Listeria at Pennsylvania Dairy Prompts Warning on Raw Milk

<"">Listeria tainted milk has prompted Pennsylvania health officials to issue  a warning about raw milk sold by a dairy in Butler county.   State agriculture officials say the raw milk from the Fisher’s Dairy in Portersville, a town in southwestern Pennsylvania, should be discarded immediately because samples tested positive for the bacteria Listeria.  Raw milk is milk that hasn’t been pasteurized or homogenized.

According to the U.S. Centers for Disease Control and Prevention (CDC), about 2,500 people become seriously ill with listeriosis annually; 500 result in death. Consumption of food contaminated with Listeria monocytogenes can cause listeriosis, a serious although relatively rare infection.  Listeriosis is a type of food poisoning especially dangerous to the elderly, pregnant women, newborns, and those with chronic medical conditions.  
Most people infected with listeriosis only experience mild flu like symptoms—fever, muscle aches, nausea, or diarrhea—and usually never report them.  In serious cases, the disease spreads to the nervous system, causing headaches, stiff neck, and convulsions.  Listeria lives in soil and water and can easily contaminate dairy and beef products; because Listeria thrives in cold, milk is an ideal environment.  Listeriosis outbreaks have been associated with consuming unpasteurized or raw milk, contaminated soft cheeses, vegetables, and ready-to-eat meats.  Animals can carry the bacterium without appearing ill, contaminating foods of animal origin such as meats and dairy products.

An agriculture department spokesman says officials also question the pasteurization process at Fisher’s Dairy in Portersville.  The state is trying to determine how the Listeria is getting into the milk.  Dairy owner Richard Fisher says he canceled his raw milk permit last year, but kept selling raw milk to a few customers who requested it and says he expects tests on his pasteurized milk to be negative.
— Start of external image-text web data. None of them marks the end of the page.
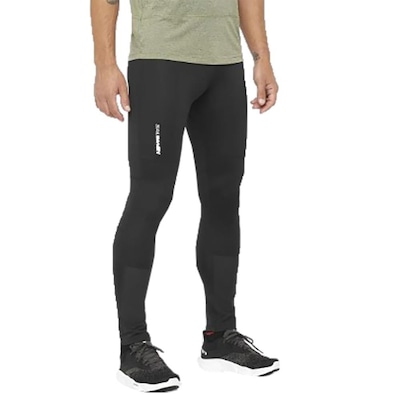 Calça Legging Salamon Cross Run Tight - Masculina - Foto 1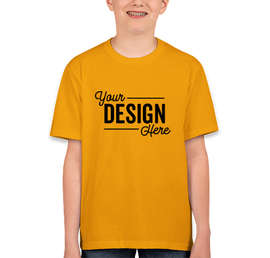 Canada - Fruit of the Loom Youth 100% Cotton T-shirt - Color: Gold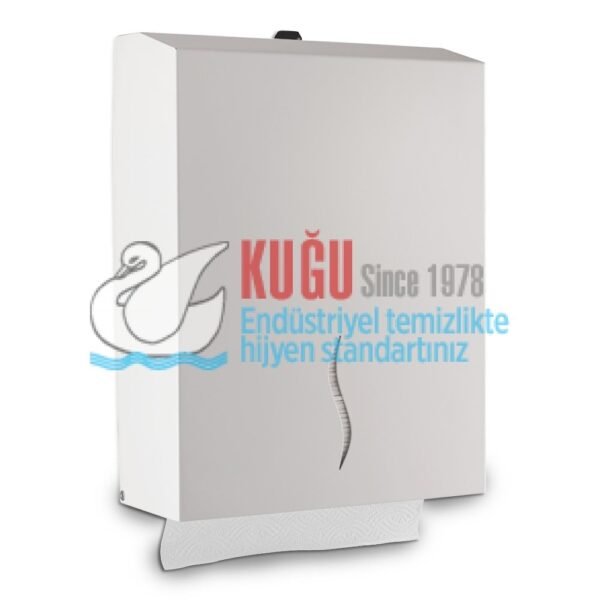 2639 Beyaz Renk Çelik 400’lü Z Katlama El Havlusu Aparatı - Görsel 4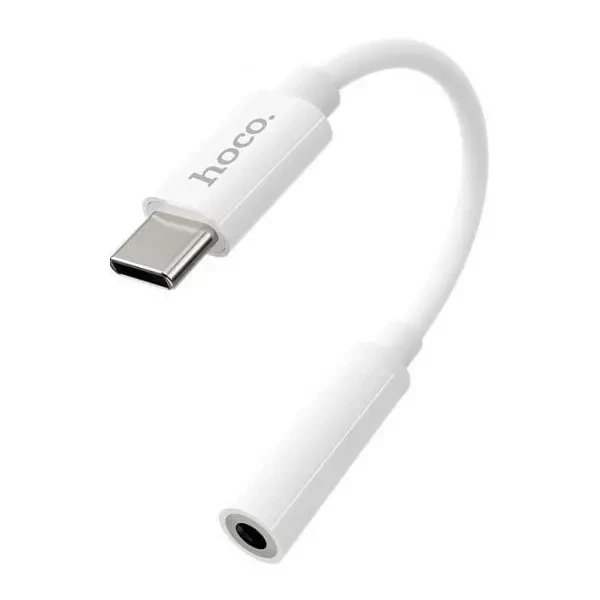 Аудіо-перехідник Hoco LS30 Type-C to 3.5 mm White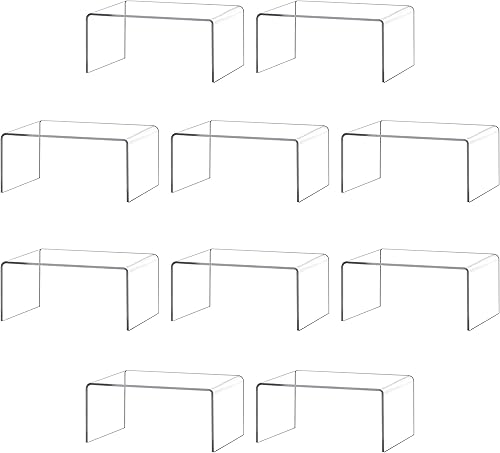 Miniatura 1 de BYCY Lote de 10 elevadores de acrílico transparente para joyas, cupcakes, juegos de té, soporte transparente para cupcakes pequeños y cosméticos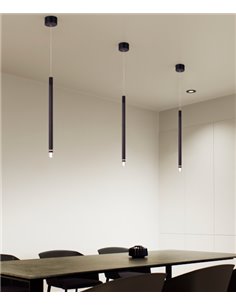 Lámpara colgante Moana - Mantra - Lámpara colgante tubular LED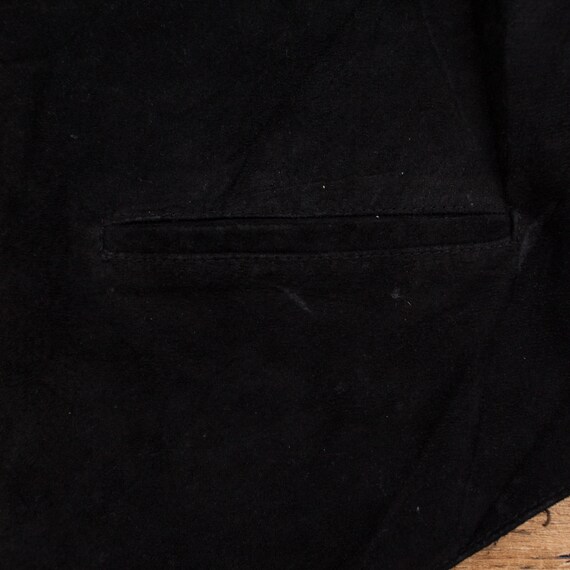 Vintage Scully Suede Gilet XL 90s Vest Black Snap - image 10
In 1998, 15 deaths and six miscarriages were linked to Listeria traced to meat shipped from the Bil Mar factory.  In recent months, Listeria has been the focus of a number of outbreaks, including at least three cases in North Carolina which were linked to soft cheeses from a variety of sources, and an outbreak at the Whittier Farms dairy in Massachusetts resulted in the deaths of four people

In January, in Olympia, Washington, the Ca Rem #1 Ice Cream, SeaTac voluntarily recalled its coconut-flavored popsicles when routine sampling and analysis by the Washington State Department of Agriculture revealed the presence of Listeria.  In February, the Minnesota Department of Agriculture (MDA) alerted the public to avoid consuming smoked pork and beef bratwurst produced by J&B Meats, of Barnesville, Minnesota when a routine product sampling revealed contamination with the Listeria monocytogenes bacteria.

Earlier this month, Meijer Inc. of Grand Rapids, Michigan, pulled 2,184 pounds of frozen entrees after the US Department of Agriculture (USDA) alerted the company that microbiological sample testing showed the food could be tainted with Listeria.  Most recently, the Stop & Shop Supermarket Company voluntarily recalled four types of prepared chicken due to potential Listeria contamination.